DATASET SECTION:
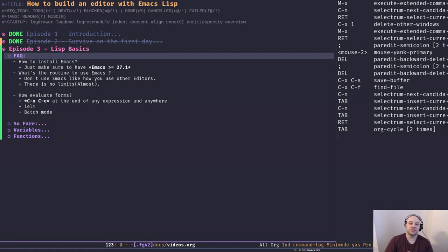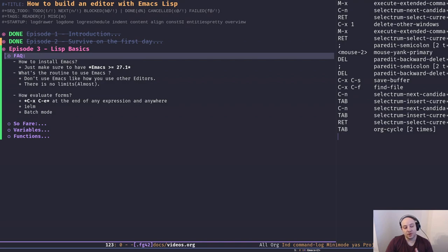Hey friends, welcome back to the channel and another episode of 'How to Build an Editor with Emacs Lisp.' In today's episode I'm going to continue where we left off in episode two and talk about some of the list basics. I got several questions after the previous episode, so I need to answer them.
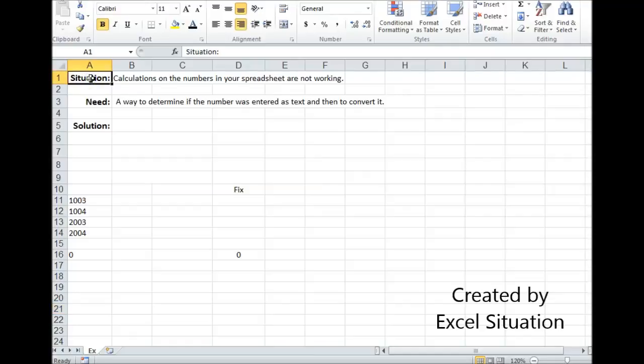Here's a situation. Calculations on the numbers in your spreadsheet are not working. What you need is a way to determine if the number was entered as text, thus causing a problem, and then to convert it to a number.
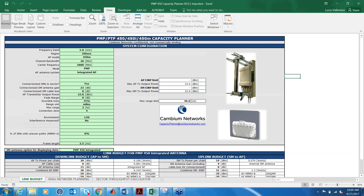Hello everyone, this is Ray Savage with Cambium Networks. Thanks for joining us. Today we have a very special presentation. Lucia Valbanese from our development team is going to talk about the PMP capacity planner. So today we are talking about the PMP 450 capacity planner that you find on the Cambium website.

PROBLEM TO SOLVE: Return the listing unchanged, but drop every picture.

ANSWER BELOW:
Hey friends, welcome back to the channel and another episode of 'How to Build an Editor with Emacs Lisp.' In today's episode I'm going to continue where we left off in episode two and talk about some of the list basics. I got several questions after the previous episode, so I need to answer them.
Here's a situation. Calculations on the numbers in your spreadsheet are not working. What you need is a way to determine if the number was entered as text, thus causing a problem, and then to convert it to a number.
Hello everyone, this is Ray Savage with Cambium Networks. Thanks for joining us. Today we have a very special presentation. Lucia Valbanese from our development team is going to talk about the PMP capacity planner. So today we are talking about the PMP 450 capacity planner that you find on the Cambium website.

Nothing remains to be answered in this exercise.